Bank of America: 11 percent of eligible loans have been modified under the Making Home Affordable program.

JPMorgan Chase: It has offered modifications to 27 percent of eligible borrowers through the federal program.

Wells Fargo/Wachovia: They have modified 17 percent of eligible loans.

All of the above numbers come from the September 2009 report of the Office of the Comptroller of the Currency, or OCC, which regulates national banks. The OCC is a division of the U.S. Treasury, the entity that oversees the Making Home Affordable program.

The bottom line is that if a homeowner wants complete, guaranteed finality to their situation, there is usually just one answer. Find a new housing payment that they can afford and lock it in. For many homeowners, that means ditching their $2,500/mo mortgage payments and renting a $900/mo studio apartment. I understand, that might sound horrific to homeowners who have never missed a payment in their lives and feel like they are just going through a rough patch.

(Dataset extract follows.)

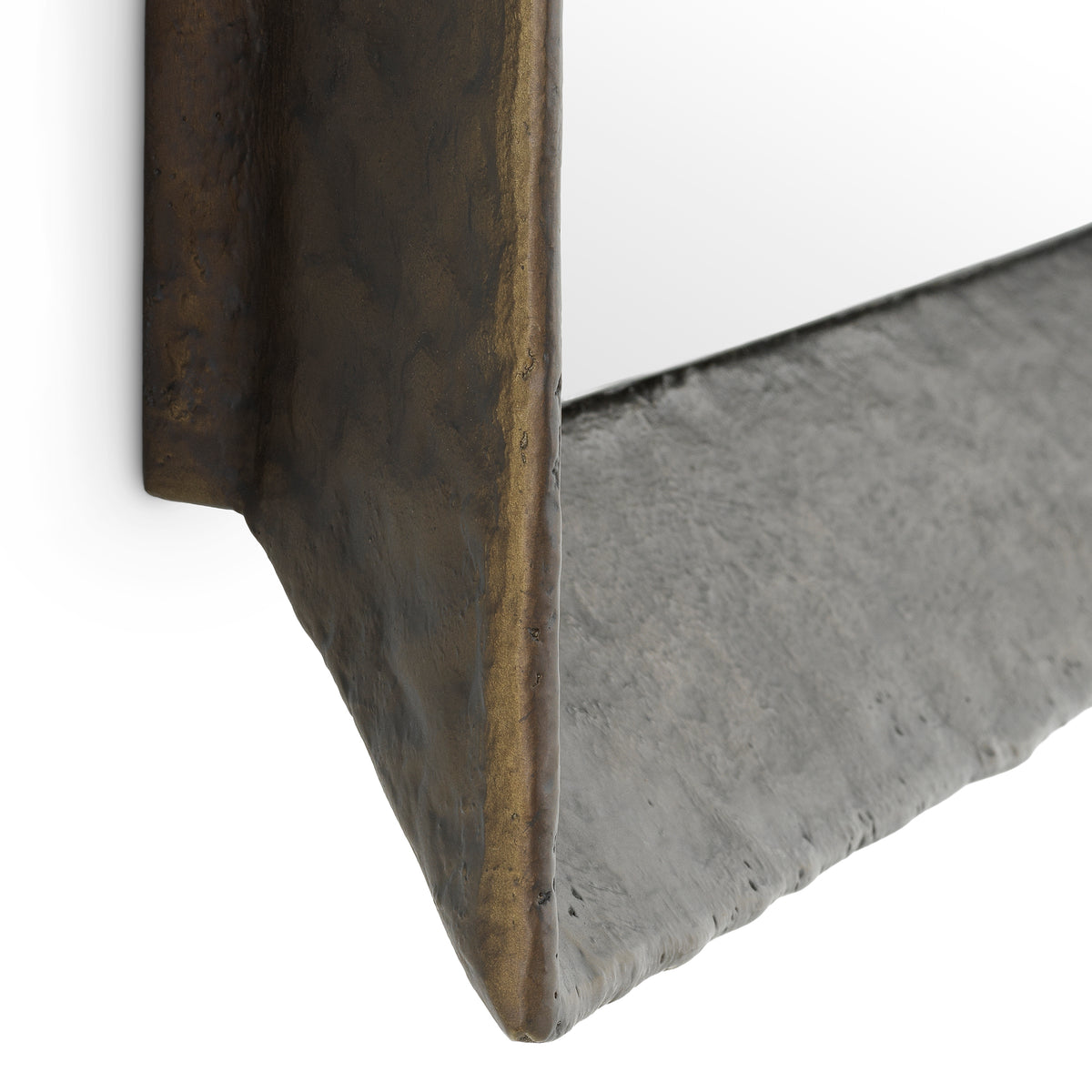 Close up of the textured bronze frame on an Eichholtz Othello Square Mirror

However, in my experience homeowners will choose to drain their retirement accounts in an attempt to save their house, yet in the end, completely run out of money and be forced to move anyway. In contrast, I have seen great results from homeowners who make a clean break from a bad situation and as a result, preserve their precious resources.

Another significant result of taking charge of the situation, is the added benefit of freeing up mental space to pursue new income opportunities. By not spending all the waking moments focused on the past, amazing amounts of creative energies are released.

Perhaps someday, the Making Home Affordable loan modification program will work for the vast majority of homeowners. In the meantime, carefully analyze the existing program, and make sure it works for your situation, before committing precious time and money to getting a loan modification.